# WHAT THIS TASK INVOLVES
Below are the records; they must be reproduced verbatim.

Segment Open

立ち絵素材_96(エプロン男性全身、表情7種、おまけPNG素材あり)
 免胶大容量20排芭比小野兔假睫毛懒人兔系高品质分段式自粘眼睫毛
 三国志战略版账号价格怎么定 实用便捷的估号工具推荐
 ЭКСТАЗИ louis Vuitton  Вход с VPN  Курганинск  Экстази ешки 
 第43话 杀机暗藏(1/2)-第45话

Segment Closed

# EXERCISE RESPONSE
立ち絵素材_96(エプロン男性全身、表情7種、おまけPNG素材あり)
 免胶大容量20排芭比小野兔假睫毛懒人兔系高品质分段式自粘眼睫毛
 三国志战略版账号价格怎么定 实用便捷的估号工具推荐
 ЭКСТАЗИ louis Vuitton  Вход с VPN  Курганинск  Экстази ешки 
 第43话 杀机暗藏(1/2)-第45话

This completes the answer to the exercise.